Configuration
Overview
The Real-Time Anomaly Detection system can be configured through:
- Command-line arguments (highest priority)
- Environment variables
- Default values (lowest priority)
Collector Configuration
Data Source
The collector fetches data from the NOA API:
Default URL: https://stratus.meteo.noa.gr/data/stations/latestValues_Datagems.geojson
To use a different data source, edit streaming_collector_sqlite.py:
Collection Interval
Default: 10 minutes
To change the interval, edit streaming_collector_sqlite.py:
Recommendations:
| Interval | Use Case | Disk Usage |
|---|---|---|
| 5 min | High-resolution monitoring | 20MB/month |
| 10 min | Default (balanced) | 10MB/month |
| 30 min | Low-frequency monitoring | 3MB/month |
| 60 min | Historical trends only | 1.5MB/month |
API Rate Limits
The NOA API updates every 10 minutes. Setting intervals < 10 minutes will fetch duplicate data.
Database Path
Default: weather_stream.db (current directory)
To change:
# Option 1: Edit streaming_collector_sqlite.py
DATABASE_PATH = "/var/lib/weather/stream.db"

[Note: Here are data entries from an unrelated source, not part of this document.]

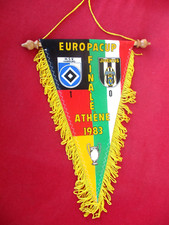 Hsv hamburg juventus d'occasion  Nice-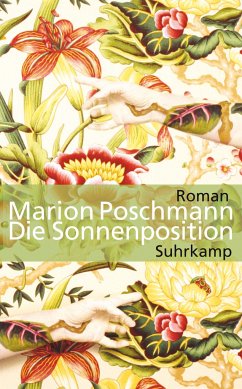 Die Sonnenposition - Poschmann, Marion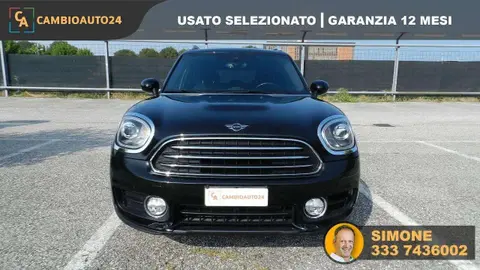 Used MINI COOPER Diesel 2018 Ad 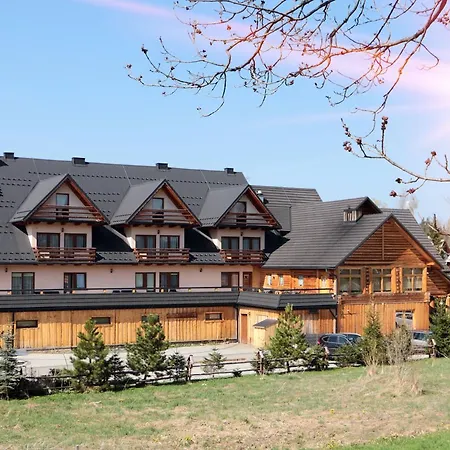 Bialczanski Inn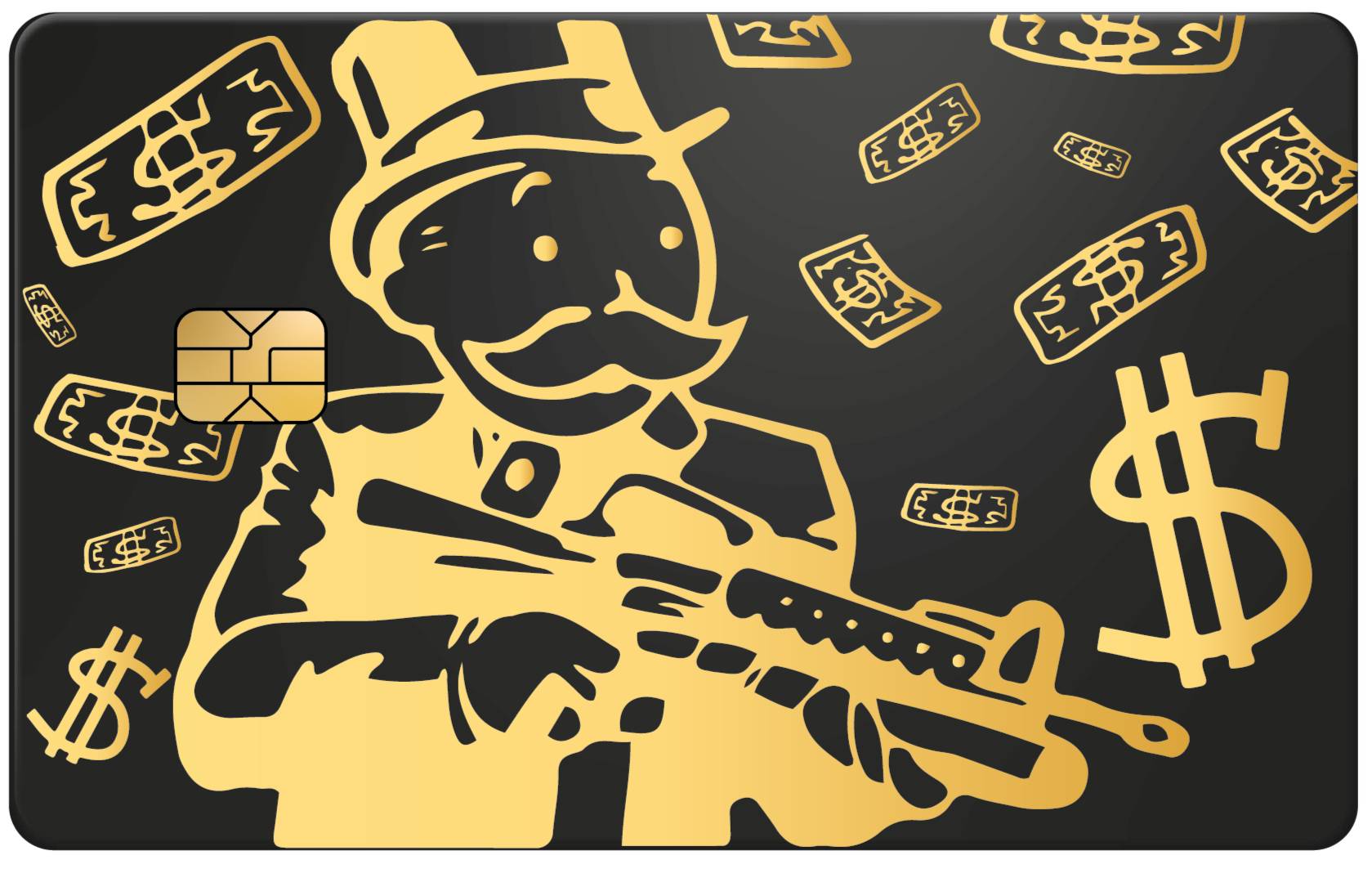 MONOPOLY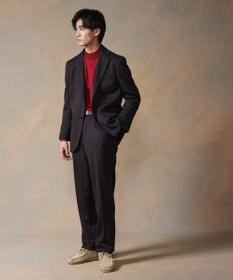 J.PRESS MEN モックネック ニット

# Option 2: Use environment variable
export WEATHER_DB="/var/lib/weather/stream.db"
python streaming_collector_sqlite.py
Detector Configuration
Default Parameters
Create a configuration file for convenience:
# config.env
export DETECTION_METHOD="arima"
export DETECTION_WINDOW=6
export SPATIAL_VERIFY=1
export NEIGHBOR_RADIUS=100
export DATABASE_PATH="weather_stream.db"
Load before running:
Detection Method
Default: ARIMA
To change default, edit anomaly_detector.py:
Method Selection Matrix:
| Scenario | Recommended Method |
|---|---|
| Production (accuracy) | arima |
| Testing (speed) | 3sigma |
| Noisy data | mad |
| Exploratory | iqr |
| Multidimensional | isolation_forest |
Window Size
Default: 6 hours
Adjust based on data patterns:
# Short-term anomalies (sensor glitches)
--window 1
# Standard weather patterns (recommended)
--window 6
# Daily cycles (temperature, humidity)
--window 24
# Multi-day trends
--window 48
Spatial Verification
Default: Disabled (for backward compatibility)
Recommendation: Always enable in production
# Enable (recommended)
python anomaly_detector.py --spatial-verify
# Disable (testing only)
python anomaly_detector.py
Correlation Thresholds
Defaults:
- High threshold: 0.6 (weather event)
- Low threshold: 0.3 (device failure)
Tune based on your environment:
# More strict (fewer weather events)
--correlation-threshold-high 0.7 \
--correlation-threshold-low 0.2
# More lenient (more weather events)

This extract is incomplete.